Considero la terapia como un viaje interior en el cual la persona viaja acompañada por la escucha, la empatía y la presencia del terapeuta, viaje en ocasiones doloroso y en ocasiones gozoso, pero necesario para poder encontrarnos con lo más profundo y verdadero de nosotros mismos.

Gracias a la relación de seguridad y confianza que establecemos,  la persona puede ir explorando su mundo interior, reconociéndose a sí misma y tomando así sus propias decisiones.

«Durante la terapia la persona aprende a escucharse, conocerse, respetarse y aceptarse a sí misma.«

 

Inicialmente el  trabajo es una sesión semanal de 50 minutos que poco a poco se puede ir espaciando en el tiempo a medida que la persona va evolucionando en su proceso.

                                                   La terapia facilita el  tomar consciencia de quién uno es.
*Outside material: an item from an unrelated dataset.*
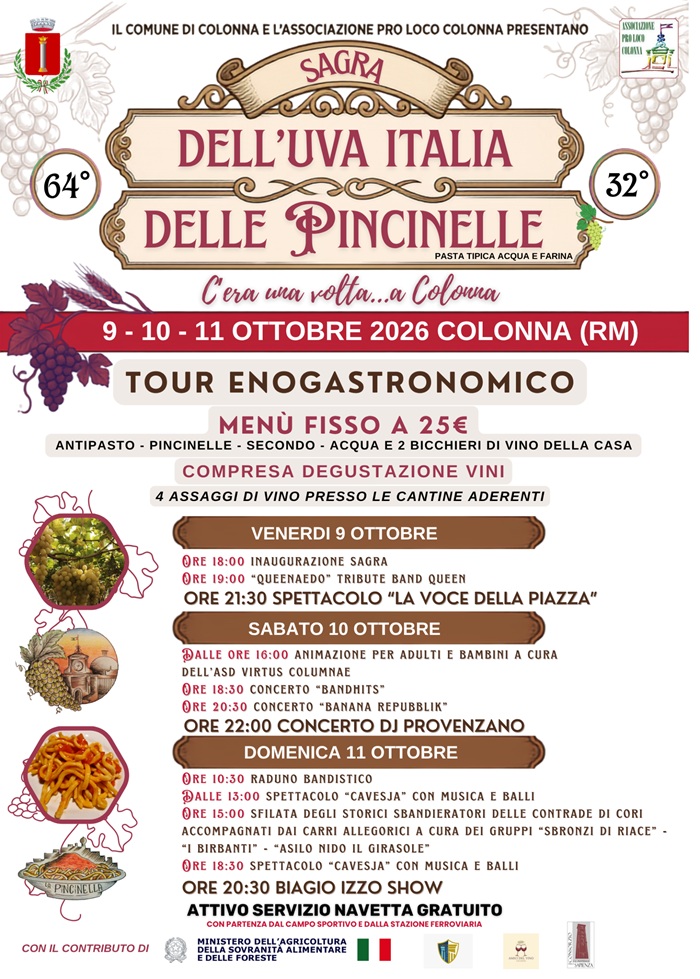 Locandina Pincinelle Colonna 2026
Durante el proceso de terapia la persona aprende a tener una percepción más realista de sí misma, a focalizar su mirada en sus deseos y necesidades más auténticos,  a abrirse y a confiar en su experiencia, desarrollando así actitudes más positivas hacia sí mismo y hacia los demás.

La persona comienza a sentirse poco a poco más relajada, más a gusto consigo misma, más libre y  autónoma, en esencia más satisfecha con quién ella es.